Re: [PATCH v2] mm: improve mprotect(R|W) efficiency on pages referenced once

Peter Collingbourne <pcc@xxxxxxxxxx> · Tue, 19 Jan 2021 09:17:13 -0800

On Tue, Dec 29, 2020 at 4:41 PM Peter Collingbourne <pcc@xxxxxxxxxx> wrote:
>
> In the Scudo memory allocator [1] we would like to be able to
> detect use-after-free vulnerabilities involving large allocations
> by issuing mprotect(PROT_NONE) on the memory region used for the
> allocation when it is deallocated. Later on, after the memory
> region has been "quarantined" for a sufficient period of time we
> would like to be able to use it for another allocation by issuing
> mprotect(PROT_READ|PROT_WRITE).
>
> Before this patch, after removing the write protection, any writes
> to the memory region would result in page faults and entering
> the copy-on-write code path, even in the usual case where the
> pages are only referenced by a single PTE, harming performance
> unnecessarily. Make it so that any pages in anonymous mappings that
> are only referenced by a single PTE are immediately made writable
> during the mprotect so that we can avoid the page faults.
>
> This program shows the critical syscall sequence that we intend to
> use in the allocator:
>
>   #include <string.h>
>   #include <sys/mman.h>
>
>   enum { kSize = 131072 };
>
>   int main(int argc, char **argv) {
>     char *addr = (char *)mmap(0, kSize, PROT_READ | PROT_WRITE,
>                               MAP_ANONYMOUS | MAP_PRIVATE, -1, 0);
>     for (int i = 0; i != 100000; ++i) {
>       memset(addr, i, kSize);
>       mprotect((void *)addr, kSize, PROT_NONE);
>       mprotect((void *)addr, kSize, PROT_READ | PROT_WRITE);
>     }
>   }
>
> The effect of this patch on the above program was measured on a
> DragonBoard 845c by taking the median real time execution time of
> 10 runs.
>
> Before: 3.19s
> After:  0.79s
>
> The effect was also measured using one of the microbenchmarks that
> we normally use to benchmark the allocator [2], after modifying it
> to make the appropriate mprotect calls [3]. With an allocation size
> of 131072 bytes to trigger the allocator's "large allocation" code
> path the per-iteration time was measured as follows:
>
> Before: 33364ns
> After:   6886ns
>
> This patch means that we do more work during the mprotect call itself
> in exchange for less work when the pages are accessed.

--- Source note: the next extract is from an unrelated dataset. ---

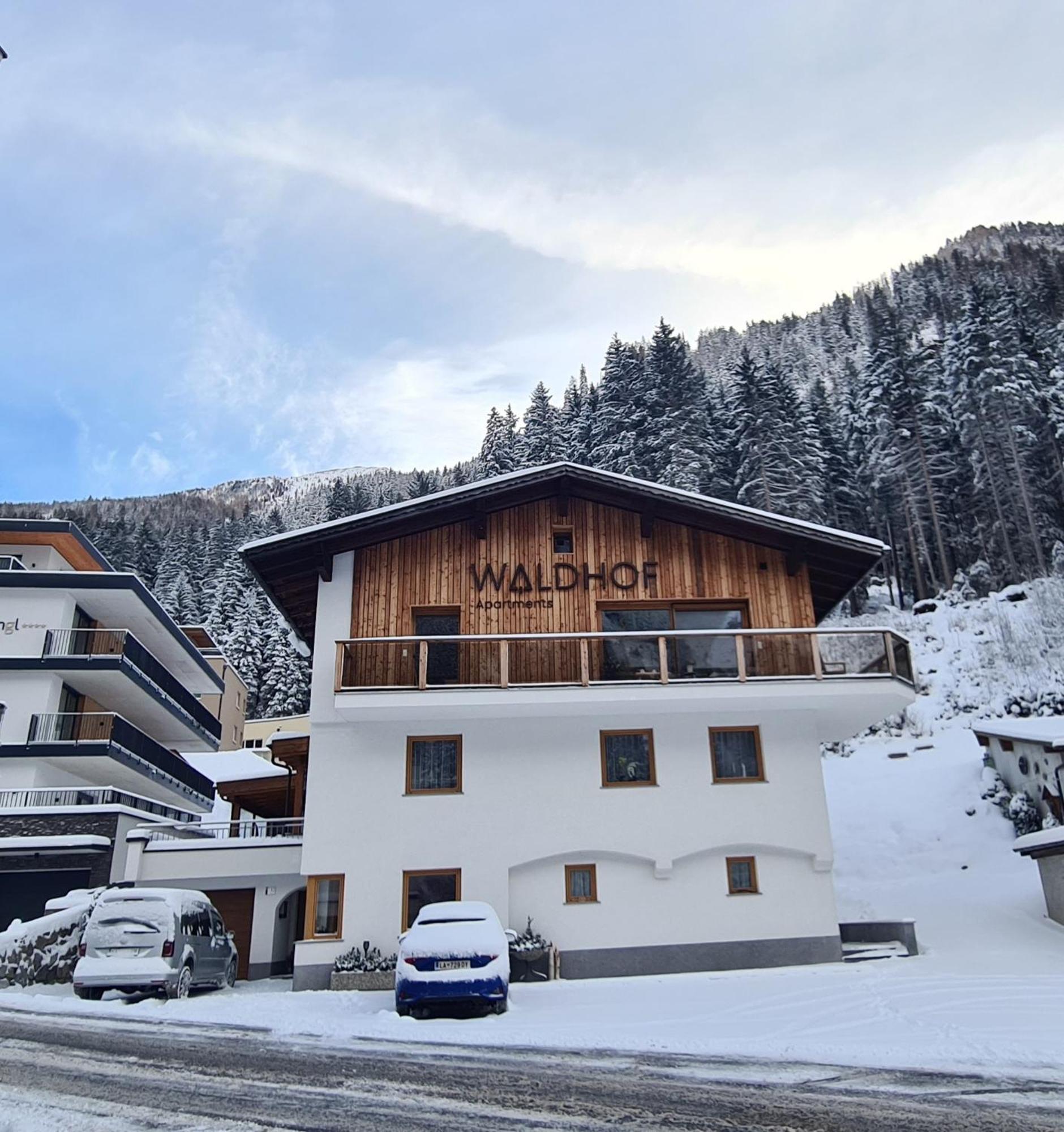 Haus Waldhof Hotel Ischgl Luaran gambar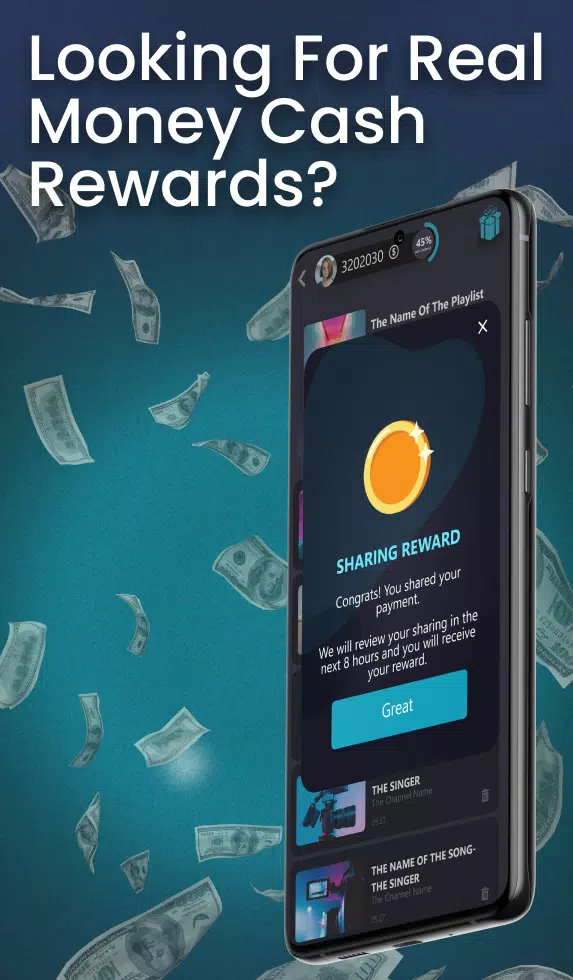 Cash Earning App Givvy Videos Schermafbeelding 4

In the worst
> case, the pages are not accessed at all. The effect of this patch in
> such cases was measured using the following program:
>
>   #include <string.h>
>   #include <sys/mman.h>
>
>   enum { kSize = 131072 };
>
>   int main(int argc, char **argv) {
>     char *addr = (char *)mmap(0, kSize, PROT_READ | PROT_WRITE,
>                               MAP_ANONYMOUS | MAP_PRIVATE, -1, 0);
>     memset(addr, 1, kSize);
>     for (int i = 0; i != 100000; ++i) {
>   #ifdef PAGE_FAULT
>       memset(addr + (i * 4096) % kSize, i, 4096);
>   #endif
>       mprotect((void *)addr, kSize, PROT_NONE);
>       mprotect((void *)addr, kSize, PROT_READ | PROT_WRITE);
>     }
>   }
>
> With PAGE_FAULT undefined (0 pages touched after removing write
> protection) the median real time execution time of 100 runs was
> measured as follows:
>
> Before: 0.325928s
> After:  0.365493s
>
> With PAGE_FAULT defined (1 page touched) the measurements were
> as follows:
>
> Before: 0.441516s
> After:  0.380251s
>
> So it seems that even with a single page fault the new approach
> is faster.
>
> I saw similar results if I adjusted the programs to use a larger
> mapping size. With kSize = 1048576 I get these numbers with PAGE_FAULT
> undefined:
>
> Before: 1.563078s
> After:  1.607476s
>
> i.e. around 3%.
>
> And these with PAGE_FAULT defined:
>
> Before: 1.684663s
> After:  1.683272s
>
> i.e. about the same.
>
> What I think we may conclude from these results is that for smaller
> mappings the advantage of the previous approach, although measurable,
> is wiped out by a single page fault. I think we may expect that there
> should be at least one access resulting in a page fault (under the
> previous approach) after making the pages writable, since the program
> presumably made the pages writable for a reason.
>
> For larger mappings we may guesstimate that the new approach wins if
> the density of future page faults is > 0.4%. But for the mappings that
> are large enough for density to matter (not just the absolute number
> of page faults) it doesn't seem like the increase in mprotect latency
> would be very large relative to the total mprotect execution time.
>
> Signed-off-by: Peter Collingbourne <pcc@xxxxxxxxxx>
> Link: https://linux-review.googlesource.com/id/I98d75ef90e20330c578871c87494d64b1df3f1b8
> Link: [1] https://source.android.com/devices/tech/debug/scudo
> Link: [2] https://cs.android.com/android/platform/superproject/+/master:bionic/benchmarks/stdlib_benchmark.cpp;l=53;drc=e8693e78711e8f45ccd2b610e4dbe0b94d551cc9
> Link: [3] https://github.com/pcc/llvm-project/commit/scudo-mprotect-secondary

Hi Andrew,

We had some test failures on Android that were tracked down to this
patch, so it should probably be backed out of -mm until the problem is
resolved.

Peter